WORK TO COMPLETE =
With the pictures left out, reproduce exactly the lines running from the line with "Embroidered Chanderi Cotton" to the last line of the material below.

GIVEN INFORMATION =
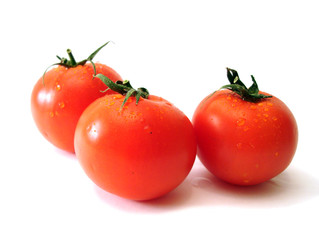 three tomatos over white background, isolated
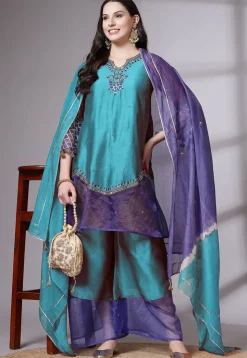 Embroidered Chanderi Cotton and Organza Pakistani Suit in Sky Blue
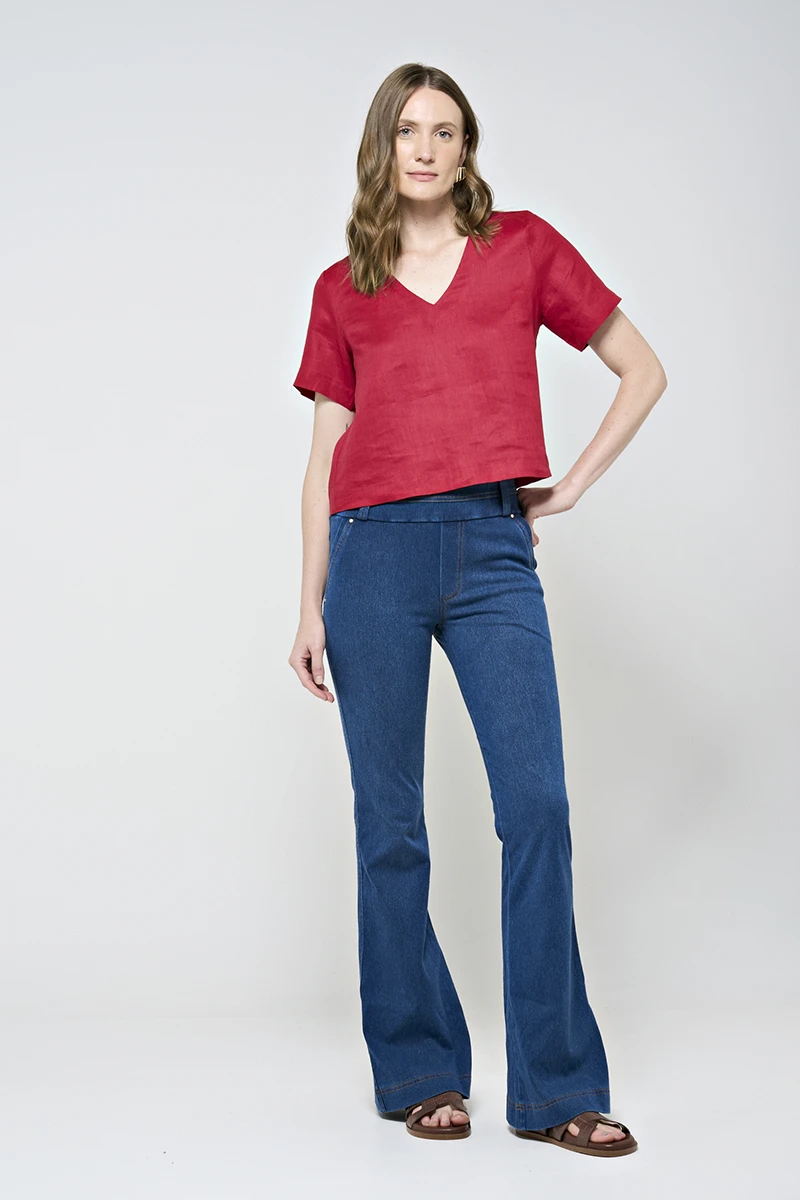 Hidrogênio - FLARE TROUSERS WITH VIVO AND RIVETS MARIZETE - 19463042 Hidrogênio - FLARE TROUSERS WITH VIVO AND RIVETS MARIZETE - 19463042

RESULT FOR THIS EXERCISE =
 Embroidered Chanderi Cotton and Organza Pakistani Suit in Sky Blue
 Hidrogênio - FLARE TROUSERS WITH VIVO AND RIVETS MARIZETE - 19463042 Hidrogênio - FLARE TROUSERS WITH VIVO AND RIVETS MARIZETE - 19463042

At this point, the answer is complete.